# SUPPLIED DATA
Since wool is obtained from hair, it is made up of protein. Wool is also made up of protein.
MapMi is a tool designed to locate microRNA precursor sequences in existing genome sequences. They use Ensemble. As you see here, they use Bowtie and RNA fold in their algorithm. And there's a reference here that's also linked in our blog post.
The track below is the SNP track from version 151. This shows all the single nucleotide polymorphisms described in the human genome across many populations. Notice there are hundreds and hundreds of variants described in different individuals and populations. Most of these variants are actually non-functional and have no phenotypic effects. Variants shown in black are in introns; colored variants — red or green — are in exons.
==
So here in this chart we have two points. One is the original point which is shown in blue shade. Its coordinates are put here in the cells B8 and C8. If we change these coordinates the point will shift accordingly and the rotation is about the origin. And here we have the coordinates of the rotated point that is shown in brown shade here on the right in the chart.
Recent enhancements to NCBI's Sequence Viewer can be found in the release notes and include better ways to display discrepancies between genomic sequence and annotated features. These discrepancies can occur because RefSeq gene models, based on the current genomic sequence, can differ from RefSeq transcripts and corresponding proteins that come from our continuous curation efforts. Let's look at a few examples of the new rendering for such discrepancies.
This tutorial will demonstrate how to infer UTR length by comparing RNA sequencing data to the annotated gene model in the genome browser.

# PROBLEM DETAILS
In the listing above, each line with the word "also" is to be copied out.

# OUTPUT
Since wool is obtained from hair, it is made up of protein. Wool is also made up of protein.
MapMi is a tool designed to locate microRNA precursor sequences in existing genome sequences. They use Ensemble. As you see here, they use Bowtie and RNA fold in their algorithm. And there's a reference here that's also linked in our blog post.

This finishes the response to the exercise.